The carbon printing process becomes integral to the image's ethereal quality. Unlike silver gelatin prints, carbon prints achieve luminous depth through pigmented gelatin layers that create tangible relief across the paper's surface. This physical topography transforms shadows into sculptural voids while highlights transition with painterly delicacy, producing the saturated yet muted tones defining Moon's dreamlike aesthetic.
Moon's signature blur and double-exposure effects, achieved through intuitive long exposures and camera movement, create what she describes as "the movement of the wind." This deliberate imperfection becomes a philosophical statement—an embrace of accident that gives the image remarkable fragility and humanity. The tactile grain feels like breath on glass, drawing viewers into her private universe.

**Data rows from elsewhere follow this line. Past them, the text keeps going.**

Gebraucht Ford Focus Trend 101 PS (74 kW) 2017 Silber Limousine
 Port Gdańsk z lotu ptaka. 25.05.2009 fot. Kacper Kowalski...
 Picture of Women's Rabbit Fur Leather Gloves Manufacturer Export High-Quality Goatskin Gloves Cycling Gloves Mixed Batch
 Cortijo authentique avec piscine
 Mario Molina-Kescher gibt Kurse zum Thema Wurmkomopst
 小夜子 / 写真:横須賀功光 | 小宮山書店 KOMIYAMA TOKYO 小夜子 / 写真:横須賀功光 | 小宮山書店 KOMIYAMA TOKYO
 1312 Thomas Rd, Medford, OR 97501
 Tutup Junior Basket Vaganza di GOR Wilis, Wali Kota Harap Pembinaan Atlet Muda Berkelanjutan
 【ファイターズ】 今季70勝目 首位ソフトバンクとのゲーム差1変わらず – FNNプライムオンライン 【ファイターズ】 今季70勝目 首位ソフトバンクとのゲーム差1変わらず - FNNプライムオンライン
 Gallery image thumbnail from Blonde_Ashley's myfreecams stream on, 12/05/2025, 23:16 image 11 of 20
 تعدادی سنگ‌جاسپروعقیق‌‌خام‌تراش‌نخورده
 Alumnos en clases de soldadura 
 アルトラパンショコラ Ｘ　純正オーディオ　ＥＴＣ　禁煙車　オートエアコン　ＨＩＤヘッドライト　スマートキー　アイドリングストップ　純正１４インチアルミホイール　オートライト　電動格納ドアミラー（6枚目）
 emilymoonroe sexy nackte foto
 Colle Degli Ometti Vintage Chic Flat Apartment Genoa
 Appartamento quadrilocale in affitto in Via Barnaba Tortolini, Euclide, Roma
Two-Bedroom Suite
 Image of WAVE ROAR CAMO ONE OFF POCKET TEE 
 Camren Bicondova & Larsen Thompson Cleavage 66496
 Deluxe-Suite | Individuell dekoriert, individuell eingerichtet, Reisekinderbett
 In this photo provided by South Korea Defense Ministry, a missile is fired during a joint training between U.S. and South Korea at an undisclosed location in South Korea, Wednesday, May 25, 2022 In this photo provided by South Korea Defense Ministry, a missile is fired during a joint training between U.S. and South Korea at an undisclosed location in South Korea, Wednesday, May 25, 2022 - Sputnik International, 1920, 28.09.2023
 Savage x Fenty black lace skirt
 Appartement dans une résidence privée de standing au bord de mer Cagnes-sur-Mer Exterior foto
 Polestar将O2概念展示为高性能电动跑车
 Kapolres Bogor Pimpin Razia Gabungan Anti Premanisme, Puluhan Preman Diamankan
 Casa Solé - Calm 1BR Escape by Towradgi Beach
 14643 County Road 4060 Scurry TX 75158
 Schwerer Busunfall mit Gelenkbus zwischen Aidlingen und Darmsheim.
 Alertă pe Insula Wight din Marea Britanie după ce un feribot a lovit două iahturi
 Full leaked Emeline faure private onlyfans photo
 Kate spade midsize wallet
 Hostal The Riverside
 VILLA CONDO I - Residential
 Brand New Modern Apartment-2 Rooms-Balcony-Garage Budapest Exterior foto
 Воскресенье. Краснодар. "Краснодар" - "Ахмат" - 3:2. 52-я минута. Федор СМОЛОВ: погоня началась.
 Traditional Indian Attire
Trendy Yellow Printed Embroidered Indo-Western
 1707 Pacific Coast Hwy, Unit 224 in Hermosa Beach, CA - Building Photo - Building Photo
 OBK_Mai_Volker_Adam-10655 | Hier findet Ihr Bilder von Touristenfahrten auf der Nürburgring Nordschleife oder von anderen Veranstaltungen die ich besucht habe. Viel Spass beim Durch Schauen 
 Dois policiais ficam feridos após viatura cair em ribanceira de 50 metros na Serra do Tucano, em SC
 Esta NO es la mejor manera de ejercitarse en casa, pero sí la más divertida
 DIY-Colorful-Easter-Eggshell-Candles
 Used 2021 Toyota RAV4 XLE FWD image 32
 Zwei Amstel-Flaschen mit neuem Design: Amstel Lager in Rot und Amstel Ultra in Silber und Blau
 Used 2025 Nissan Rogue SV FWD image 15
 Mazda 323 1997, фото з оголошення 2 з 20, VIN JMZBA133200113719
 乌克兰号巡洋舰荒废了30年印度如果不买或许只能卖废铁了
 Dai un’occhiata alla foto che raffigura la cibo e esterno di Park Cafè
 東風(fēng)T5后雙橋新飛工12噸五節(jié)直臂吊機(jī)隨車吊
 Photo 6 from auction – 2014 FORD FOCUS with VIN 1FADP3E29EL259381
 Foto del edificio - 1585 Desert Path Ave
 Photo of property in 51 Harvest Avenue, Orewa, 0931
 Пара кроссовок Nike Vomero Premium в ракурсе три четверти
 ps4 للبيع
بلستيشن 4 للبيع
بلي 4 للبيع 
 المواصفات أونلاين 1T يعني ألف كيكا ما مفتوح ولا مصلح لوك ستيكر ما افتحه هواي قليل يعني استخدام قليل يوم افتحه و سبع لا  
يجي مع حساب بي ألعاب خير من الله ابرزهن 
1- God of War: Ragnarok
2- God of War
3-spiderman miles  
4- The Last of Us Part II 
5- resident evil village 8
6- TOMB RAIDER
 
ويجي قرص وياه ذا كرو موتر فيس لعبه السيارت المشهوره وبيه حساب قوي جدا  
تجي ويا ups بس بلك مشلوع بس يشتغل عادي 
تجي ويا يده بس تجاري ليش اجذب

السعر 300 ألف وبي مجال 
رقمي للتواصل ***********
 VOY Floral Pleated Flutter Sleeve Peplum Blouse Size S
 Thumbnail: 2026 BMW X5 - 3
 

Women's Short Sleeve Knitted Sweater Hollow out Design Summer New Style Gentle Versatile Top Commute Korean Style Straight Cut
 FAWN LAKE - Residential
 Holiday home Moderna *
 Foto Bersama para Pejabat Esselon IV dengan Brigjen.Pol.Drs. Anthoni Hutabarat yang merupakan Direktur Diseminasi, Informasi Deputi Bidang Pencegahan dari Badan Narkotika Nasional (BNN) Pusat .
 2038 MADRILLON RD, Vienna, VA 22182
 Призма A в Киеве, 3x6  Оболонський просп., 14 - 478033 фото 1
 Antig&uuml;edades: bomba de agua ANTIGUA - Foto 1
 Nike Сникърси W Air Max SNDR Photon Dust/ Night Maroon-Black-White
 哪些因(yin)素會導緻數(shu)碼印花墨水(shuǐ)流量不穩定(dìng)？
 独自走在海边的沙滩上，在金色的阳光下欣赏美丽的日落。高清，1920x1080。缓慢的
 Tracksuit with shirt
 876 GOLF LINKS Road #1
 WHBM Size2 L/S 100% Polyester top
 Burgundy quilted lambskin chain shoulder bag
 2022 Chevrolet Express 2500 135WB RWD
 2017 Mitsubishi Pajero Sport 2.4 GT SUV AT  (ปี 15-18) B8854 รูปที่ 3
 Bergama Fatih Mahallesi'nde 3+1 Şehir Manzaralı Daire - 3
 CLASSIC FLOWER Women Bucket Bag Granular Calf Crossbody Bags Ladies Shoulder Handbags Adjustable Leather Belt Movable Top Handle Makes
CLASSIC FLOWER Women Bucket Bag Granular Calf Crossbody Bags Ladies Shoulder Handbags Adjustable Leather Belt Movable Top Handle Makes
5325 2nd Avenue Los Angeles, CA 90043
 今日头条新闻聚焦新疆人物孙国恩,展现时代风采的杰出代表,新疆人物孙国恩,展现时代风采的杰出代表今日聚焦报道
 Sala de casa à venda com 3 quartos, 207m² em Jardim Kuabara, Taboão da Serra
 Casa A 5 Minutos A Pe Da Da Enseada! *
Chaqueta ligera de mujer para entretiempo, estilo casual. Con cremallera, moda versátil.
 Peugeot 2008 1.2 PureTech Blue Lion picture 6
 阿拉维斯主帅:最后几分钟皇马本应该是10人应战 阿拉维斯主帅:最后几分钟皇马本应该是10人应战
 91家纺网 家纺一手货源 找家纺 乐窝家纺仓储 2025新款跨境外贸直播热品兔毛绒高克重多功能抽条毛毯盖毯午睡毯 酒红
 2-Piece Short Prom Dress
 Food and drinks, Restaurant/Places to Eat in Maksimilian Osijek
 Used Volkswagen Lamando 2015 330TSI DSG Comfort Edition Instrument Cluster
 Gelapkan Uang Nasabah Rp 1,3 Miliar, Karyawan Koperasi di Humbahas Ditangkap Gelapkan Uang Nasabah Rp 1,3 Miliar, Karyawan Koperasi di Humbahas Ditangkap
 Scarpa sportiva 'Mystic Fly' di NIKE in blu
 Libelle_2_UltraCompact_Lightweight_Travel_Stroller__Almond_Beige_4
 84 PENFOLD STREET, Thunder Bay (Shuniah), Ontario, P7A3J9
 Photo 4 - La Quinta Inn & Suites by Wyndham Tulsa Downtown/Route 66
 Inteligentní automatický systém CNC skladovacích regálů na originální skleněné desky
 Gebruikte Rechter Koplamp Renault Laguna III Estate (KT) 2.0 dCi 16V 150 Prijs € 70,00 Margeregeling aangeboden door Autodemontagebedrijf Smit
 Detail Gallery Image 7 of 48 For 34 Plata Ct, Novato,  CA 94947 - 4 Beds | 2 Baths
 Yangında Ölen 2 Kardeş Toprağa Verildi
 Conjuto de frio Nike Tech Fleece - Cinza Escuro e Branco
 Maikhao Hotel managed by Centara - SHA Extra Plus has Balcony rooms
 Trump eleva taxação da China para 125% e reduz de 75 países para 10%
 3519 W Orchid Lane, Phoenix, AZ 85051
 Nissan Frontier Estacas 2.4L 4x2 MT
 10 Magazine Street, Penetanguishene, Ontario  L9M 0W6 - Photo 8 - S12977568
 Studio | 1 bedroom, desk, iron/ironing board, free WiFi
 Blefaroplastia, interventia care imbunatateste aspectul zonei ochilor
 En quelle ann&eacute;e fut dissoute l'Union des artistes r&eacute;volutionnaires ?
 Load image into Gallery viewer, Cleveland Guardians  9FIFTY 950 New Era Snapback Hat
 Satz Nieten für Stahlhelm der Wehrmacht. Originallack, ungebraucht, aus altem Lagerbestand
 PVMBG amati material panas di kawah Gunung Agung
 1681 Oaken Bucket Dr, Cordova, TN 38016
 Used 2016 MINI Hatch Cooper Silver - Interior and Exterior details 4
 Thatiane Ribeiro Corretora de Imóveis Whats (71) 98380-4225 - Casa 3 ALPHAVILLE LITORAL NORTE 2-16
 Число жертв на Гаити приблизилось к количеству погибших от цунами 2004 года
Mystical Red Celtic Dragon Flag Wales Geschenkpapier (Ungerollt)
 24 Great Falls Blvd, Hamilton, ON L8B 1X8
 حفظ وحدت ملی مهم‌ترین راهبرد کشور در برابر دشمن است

The mysterious stockings emerge from Moon's visual language of suggestion over revelation. Her aesthetic philosophy—"photography is pure fiction"—transforms mundane hosiery into symbols of timeless femininity. The subject exists in Moon's "fairy world" where conventional fashion codes are completely reimagined, suspended between past and present.
Dating from Moon's mature period following her 1985 transition from commercial work, this piece embodies her lifelong exploration of memory and transience. Her heroines exist without urgency, in perpetual waiting, possessing rare autonomy in fashion imagery.
"Fashion 07, Stockings" represents not mere documentation but a meditation on beauty's ephemeral nature, crystallizing decades of artistic evolution into a single, haunting masterwork that has established Sarah Moon as one of contemporary photography's most distinctive voices.